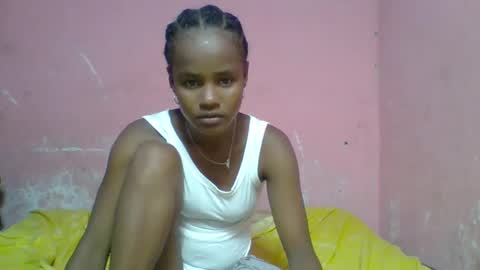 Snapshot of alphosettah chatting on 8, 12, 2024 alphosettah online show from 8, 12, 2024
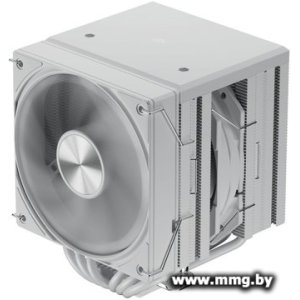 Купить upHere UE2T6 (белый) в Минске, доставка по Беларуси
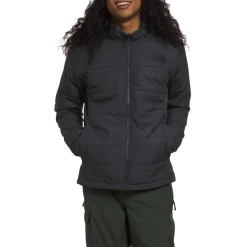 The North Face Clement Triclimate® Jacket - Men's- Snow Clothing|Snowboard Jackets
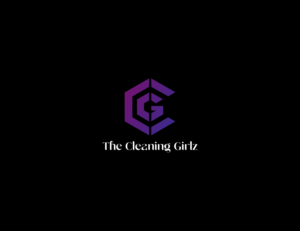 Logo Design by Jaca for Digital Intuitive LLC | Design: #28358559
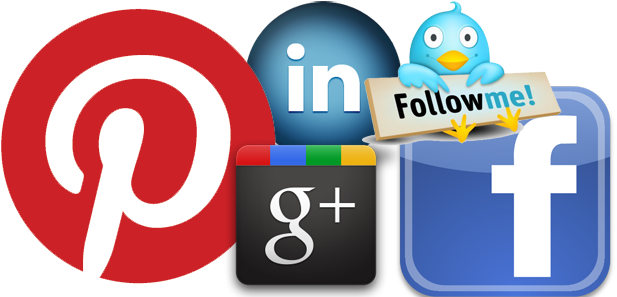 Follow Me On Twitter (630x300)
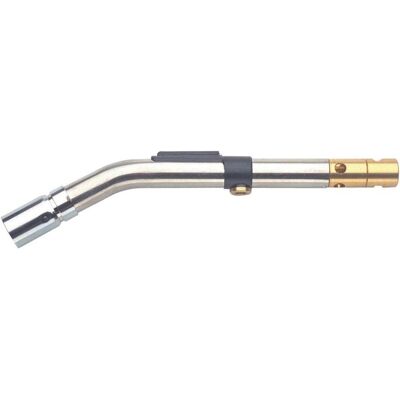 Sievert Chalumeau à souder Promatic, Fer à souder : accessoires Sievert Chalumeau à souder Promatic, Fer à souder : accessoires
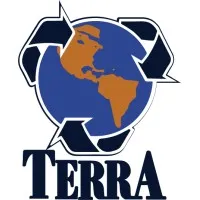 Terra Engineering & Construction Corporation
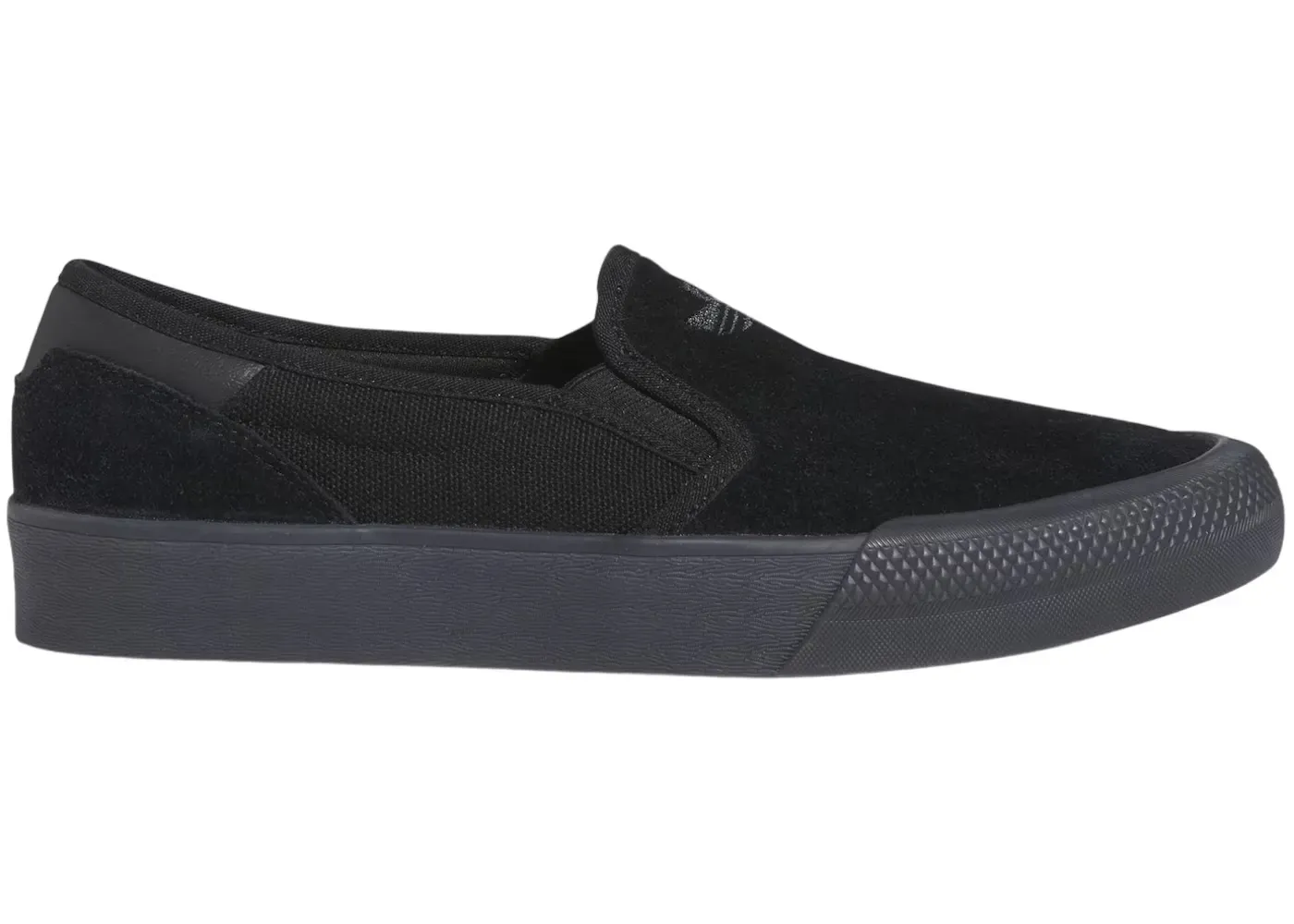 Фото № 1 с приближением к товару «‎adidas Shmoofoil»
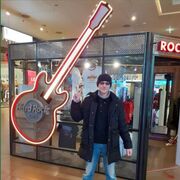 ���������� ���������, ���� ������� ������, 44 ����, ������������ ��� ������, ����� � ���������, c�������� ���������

==

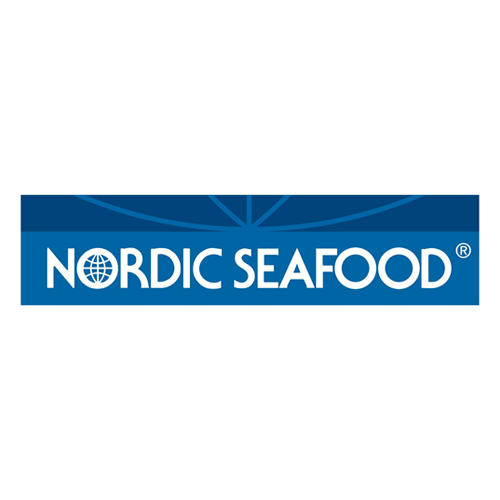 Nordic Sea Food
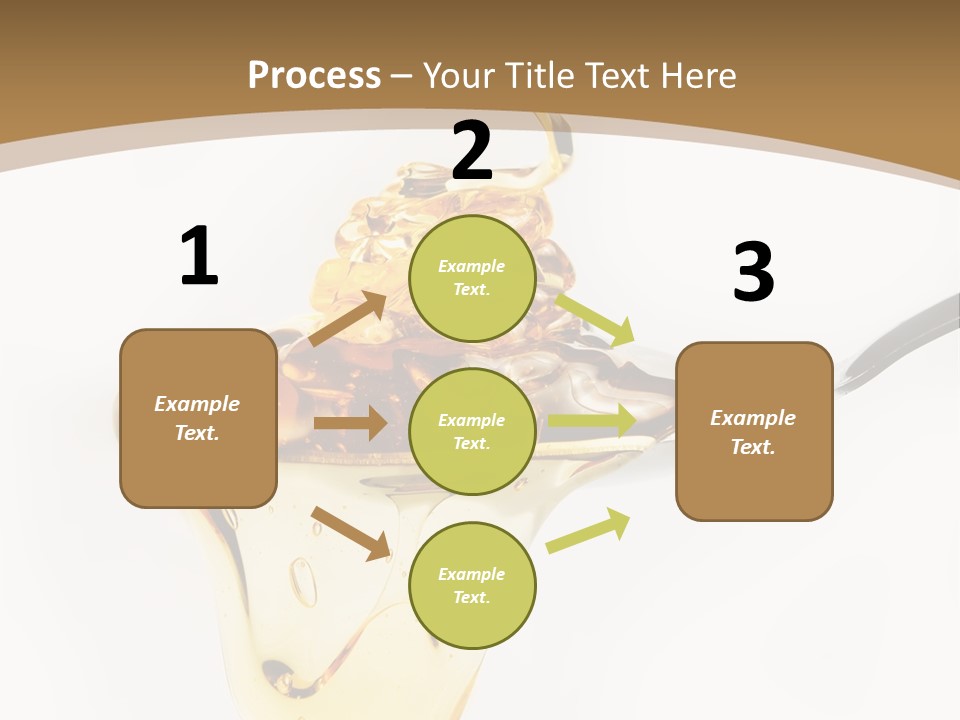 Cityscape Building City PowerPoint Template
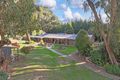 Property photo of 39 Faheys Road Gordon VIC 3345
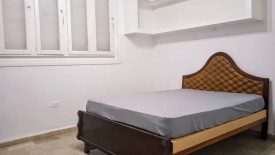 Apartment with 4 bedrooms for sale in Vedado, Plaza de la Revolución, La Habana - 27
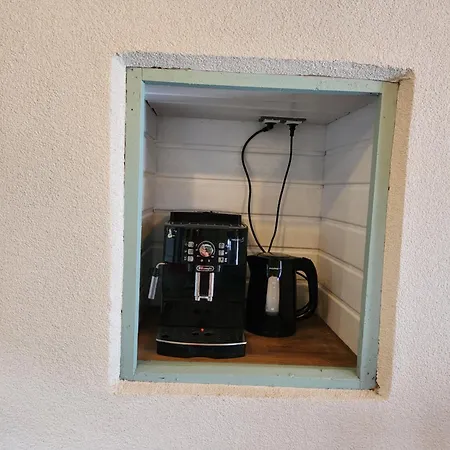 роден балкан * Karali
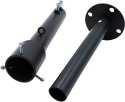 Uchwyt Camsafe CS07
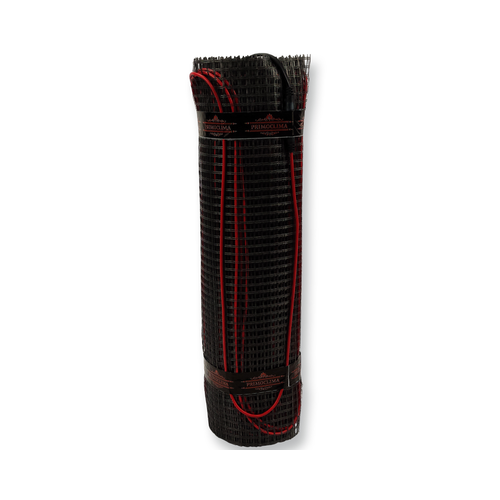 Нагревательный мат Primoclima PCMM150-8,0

==

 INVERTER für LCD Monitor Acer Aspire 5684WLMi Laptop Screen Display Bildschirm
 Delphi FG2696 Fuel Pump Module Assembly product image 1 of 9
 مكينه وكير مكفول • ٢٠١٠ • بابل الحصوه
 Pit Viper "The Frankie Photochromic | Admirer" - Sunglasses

» **WHAT YOU HAVE TO DO**:
Look above for the line with "Snapshot of alphosettah" and the line with "Follow Me On Twitter (630x300)", then copy them and all lines in between exactly as written, and only those, without any pictures.

» **RESULT OF THE EXERCISE**:
 Snapshot of alphosettah chatting on 8, 12, 2024 alphosettah online show from 8, 12, 2024
 Купить upHere UE2T6 (белый) в Минске, доставка по Беларуси
 The North Face Clement Triclimate® Jacket - Men's- Snow Clothing|Snowboard Jackets
 Logo Design by Jaca for Digital Intuitive LLC | Design: #28358559
 Follow Me On Twitter (630x300)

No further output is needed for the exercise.